ABCDE is a pentagon such that AB = DC and AC=2ED. Write each vector in terms of AB and AC.
AE = ?
The answer they have is -AC -1/2AC
I can't see to figure out why this is correct. Can someone please explain it to me? Thanks!
Since the forum is being updated, LaTeX is not working yet, but you can still see what Grandad typed by quoting him. He typed:
[tex]\vec{AE} = \vec{AC}+\vec{CD}+\vec{DE}[/tex]
[tex]=\vec{AC}-\vec{AB}-\tfrac12\vec{AC}[/tex]
[tex]=\tfrac12\vec{AC} -\vec{AB}[/tex]
I could find some way to make an image (or you could), but maybe you can see what it should look like already.
Hello, john-1
$\displaystyle ABCDE$ is a pentagon such that $\displaystyle \overrightarrow{AB} = \overrightarrow{DC}$ and $\displaystyle \overrightarrow{AC} = 2\!\cdot\!\overrightarrow{ED}.$
Write $\displaystyle \overrightarrow{AE}$ in terms of $\displaystyle \overrightarrow{AB}\text{ and }\overrightarrow{AC}. $
The answer they have is: .$\displaystyle -\overrightarrow{AC} -\tfrac{1}{2}\overrightarrow{AC}$ . This can't be right!

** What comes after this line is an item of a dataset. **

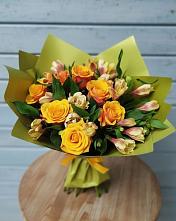 Букет цветов из:  Альстромерии и Розы в Геймановской
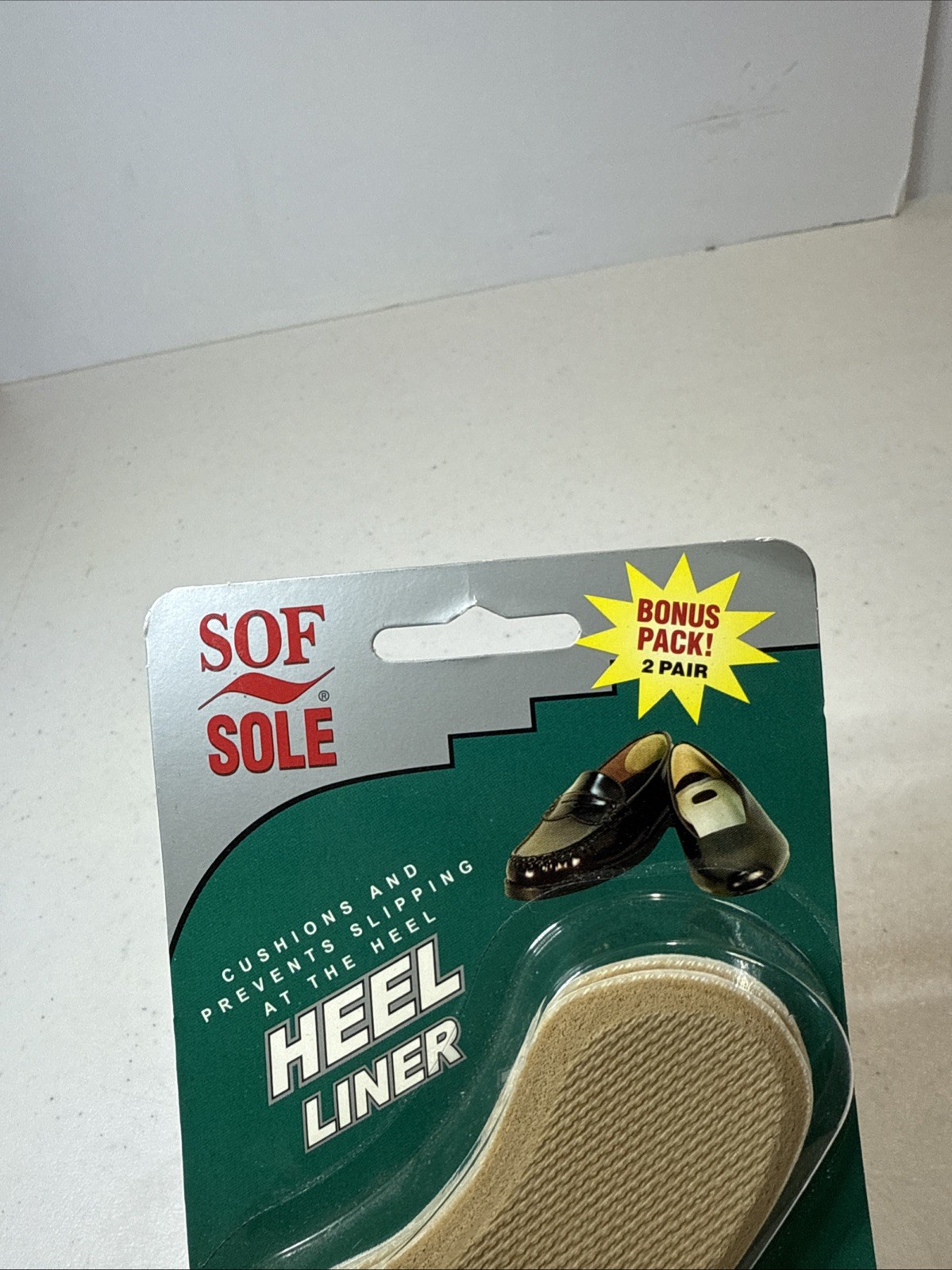 2 Pair Sof Sole Heel Liner One Size Tan NIB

We have: .$\displaystyle \overrightarrow{AE} \;=\;\overrightarrow{AC} + \overrightarrow{CD} + \overrightarrow{DE} $
. . . . . . . . . . . $\displaystyle =\;\overrightarrow{AC} - \overrigjhtarrow{DC} - \overrightarrow{ED} $
. . . . . . . . . . . $\displaystyle =\;\overrightarrow{AC} - \overrightarrow{AB} - \frac{1}{2}\overrightarrow{AC} $
. . . . . . . . . . . $\displaystyle =\;\frac{1}{2}\overrightarrow{AC} - \overrightarrow{AB}$